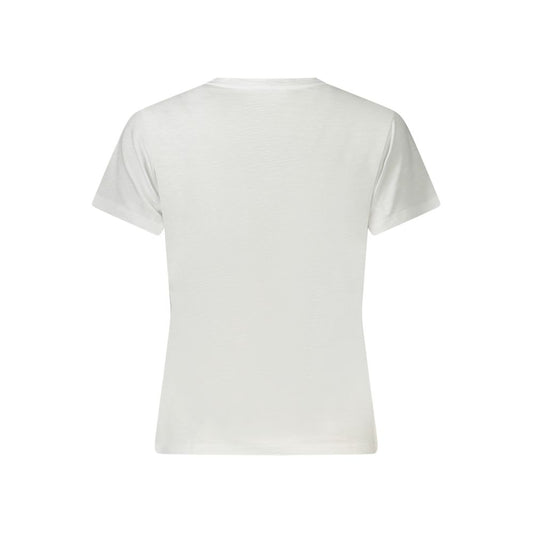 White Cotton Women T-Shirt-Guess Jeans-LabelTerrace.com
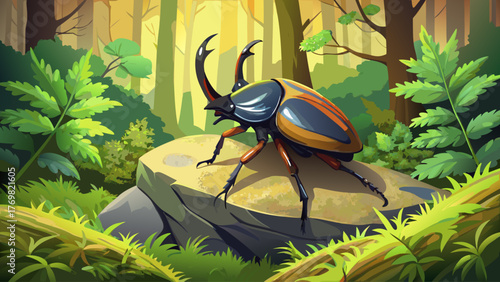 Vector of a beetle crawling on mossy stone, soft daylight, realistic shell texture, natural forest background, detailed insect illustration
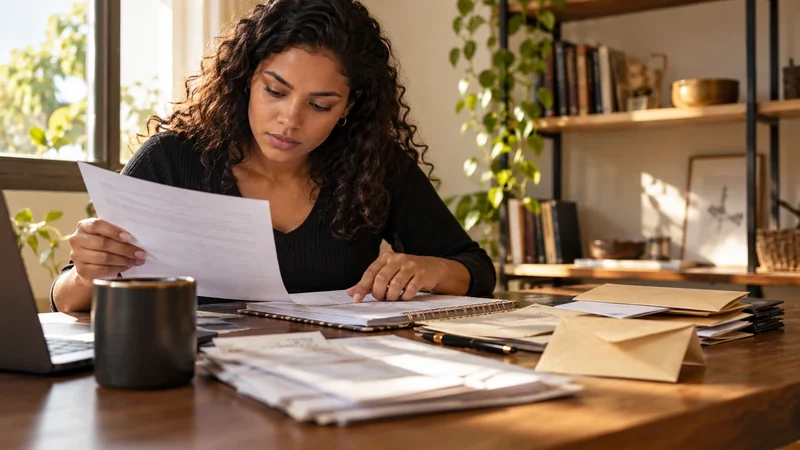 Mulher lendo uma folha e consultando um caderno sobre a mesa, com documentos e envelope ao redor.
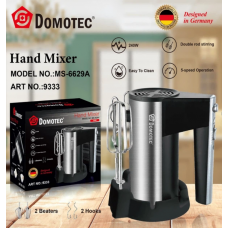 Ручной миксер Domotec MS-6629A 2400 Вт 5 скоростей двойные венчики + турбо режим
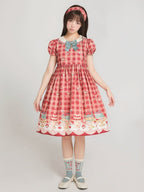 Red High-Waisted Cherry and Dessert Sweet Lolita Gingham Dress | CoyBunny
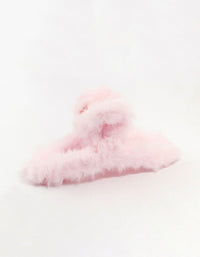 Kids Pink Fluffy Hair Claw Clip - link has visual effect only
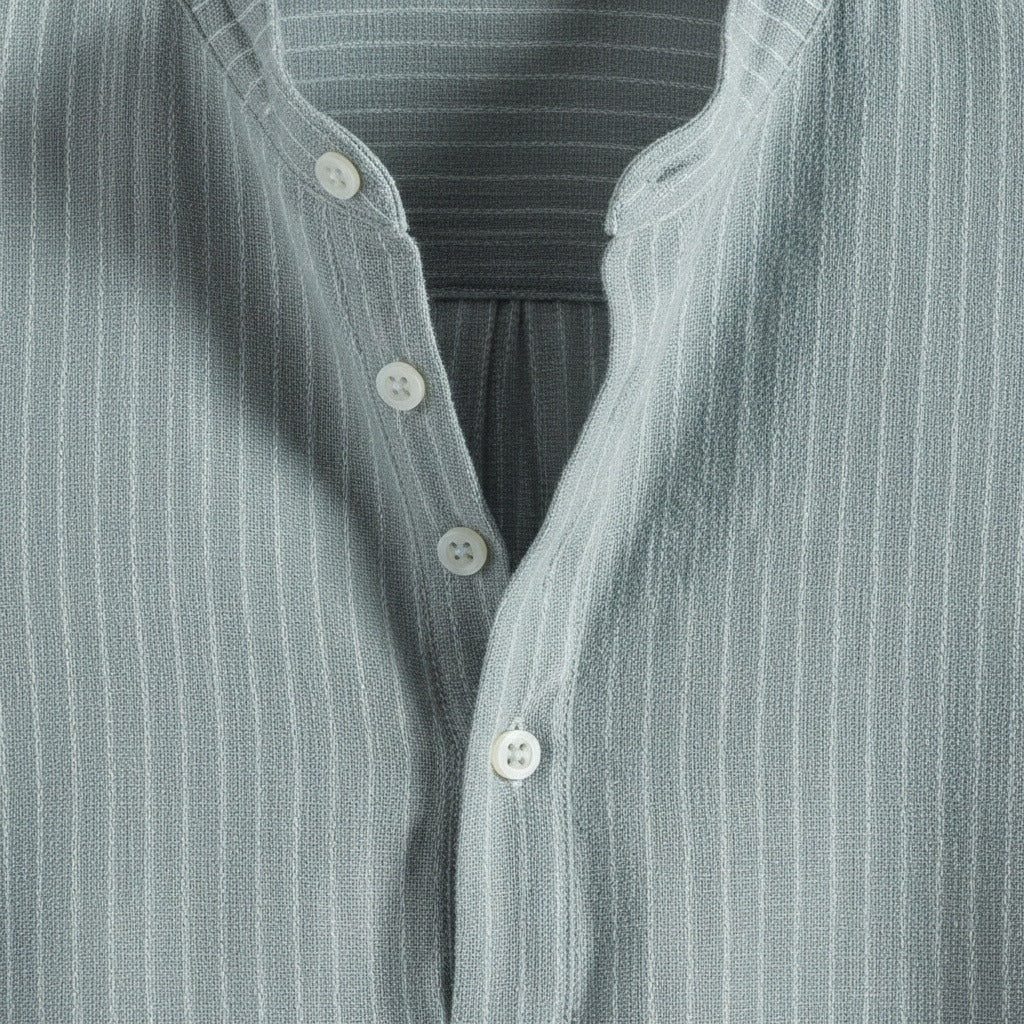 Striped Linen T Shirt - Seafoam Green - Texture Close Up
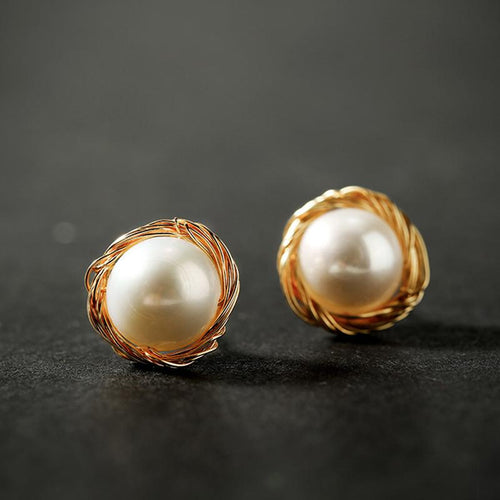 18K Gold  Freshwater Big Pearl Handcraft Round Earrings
◇ ◇ ◇ ◇
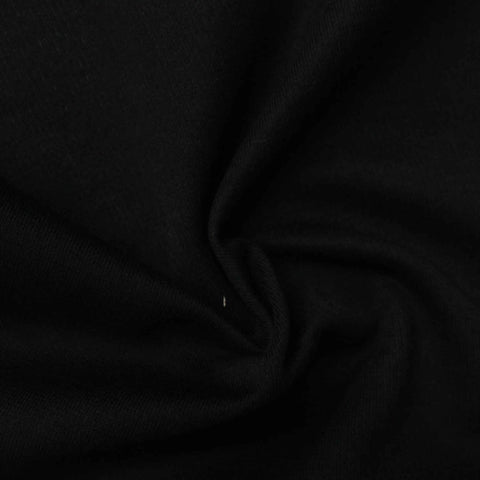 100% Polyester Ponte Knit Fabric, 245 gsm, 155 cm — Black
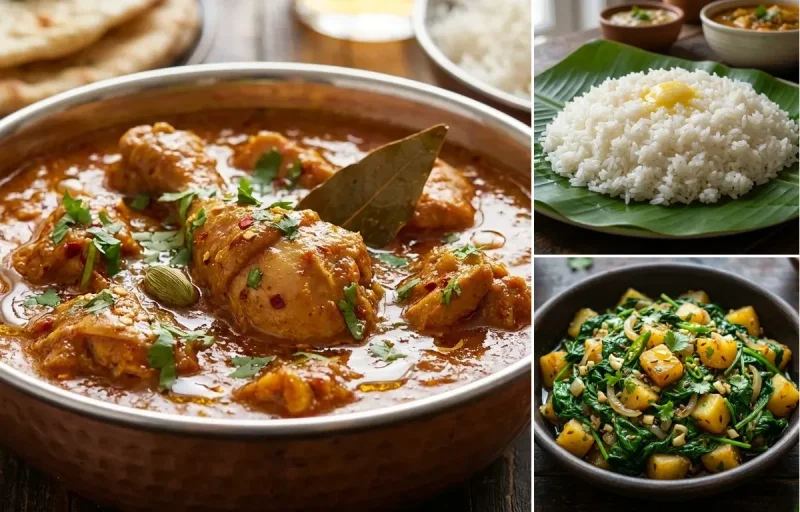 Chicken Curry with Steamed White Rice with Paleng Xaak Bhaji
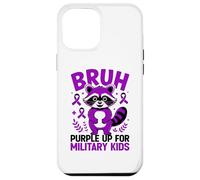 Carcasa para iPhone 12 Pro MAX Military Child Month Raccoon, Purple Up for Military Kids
◇ ◇ ◇ ◇
Assigned task
Copy only what lies between the line with "Chicken Curry with" and the line with "Carcasa para iPhone", those two lines included, exactly as given above; pictures stay out.

Output for this exercise
 Chicken Curry with Steamed White Rice with Paleng Xaak Bhaji
 Carcasa para iPhone 12 Pro MAX Military Child Month Raccoon, Purple Up for Military Kids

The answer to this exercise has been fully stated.